Section Three comprises civil law, civil procedures, arbitration, and commercial law. In this year's test, this section might be the most reasonable among the four. It is foreseeable that the average score of this section will be the highest compared to other three. However, from my perspective, civil law questions, which accounts for nearly three fifths of this section, were not properly framed. Some were ambiguous and open to different interpretations. This problem will to some extent frustrate the purpose of the test.
Section Four only has essay questions. Timing is a pivotal matter for this section, as you need to write around 5,000 words in order to answer the seven questions properly. Test takers who relied on the test training institutes for information might find themselves depressed, as all of this year's essay questions were quite unexpected.

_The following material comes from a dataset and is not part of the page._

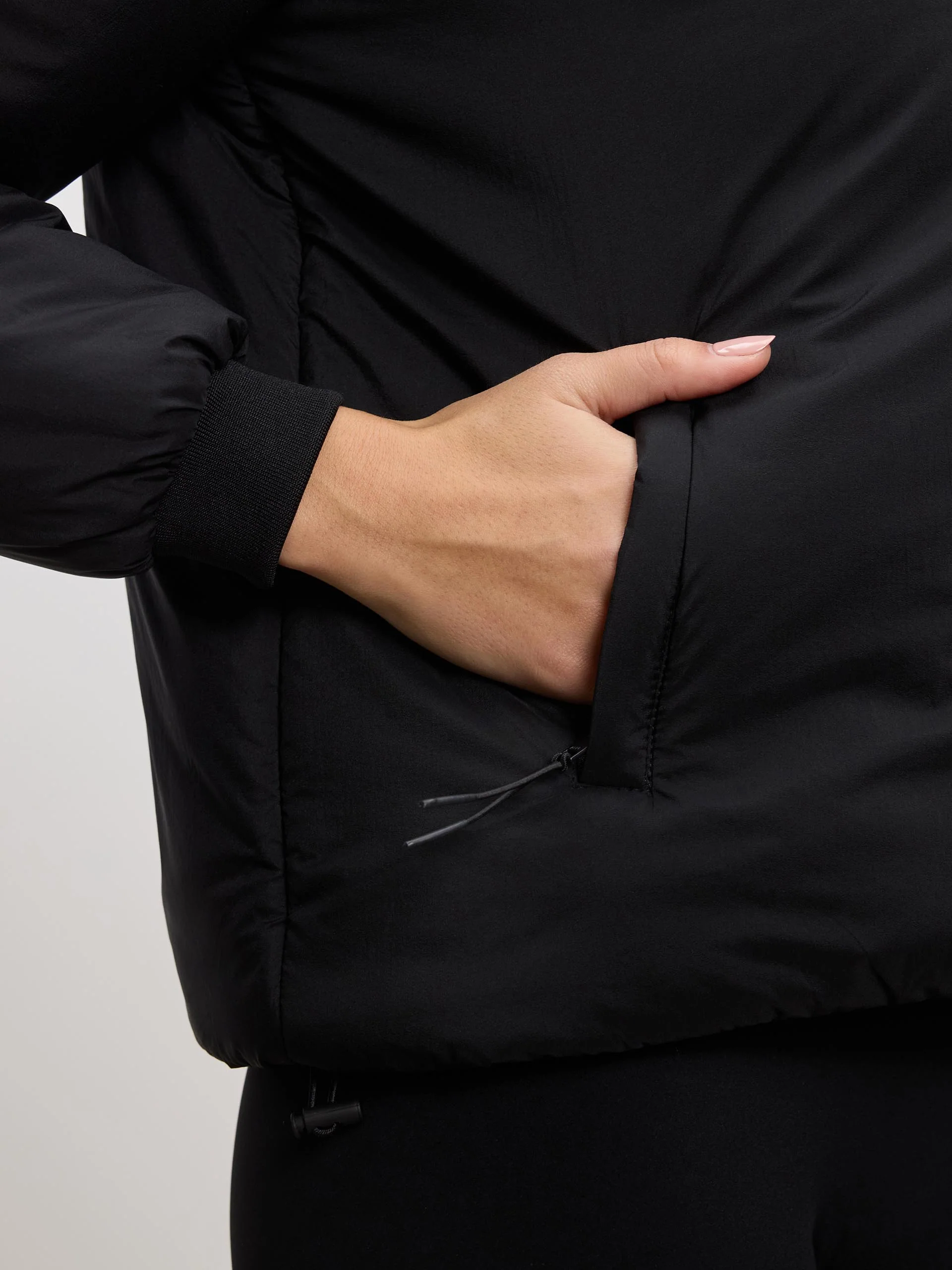 Womens Puffer Windbreaker in Black - Image 5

MOJ released all the test questions as well as the official key within one week after the test date. At the same time, it set up a bulletin board allowing test takers to post their dissenting views on the official answers to each questions and the answers they gave. [Note] It was provided in MOJ’s No. 85 Announcement in 2009 that officials from MOJ would collect and collate test takers’ dissenting views and their proposed answers, and submit them to a panel of experts for verification before marking the test papers. Answers surviving the verification process were used in the paper marking. [Note] However, in practice, MOJ usually did not publicize the changes to the official key after verification, so the verification process and the final answers remained unknown to the test takers.
Many test takers have been complaining that the National Judicial Examination is a far cry from the professed "practical test". Its drawbacks the critics have pointed out may include but are not limited to the following:
1. The ability to reason is not tested. Instead, questions mainly concern the literal meaning of the rules. If it is allowed to bring in laws and regulations, then almost all the questions are easy to answer. In the real world, lawyers most of the time have the access to legal texts.
2. Too many impractical and unimportant laws are tested in the test. Some provisions may not be quoted by lawyers in their whole life career.
3. Since there are a fair number of errors in the official key every year, the results may not correctly demonstrate test takers’ actual knowledge of the law.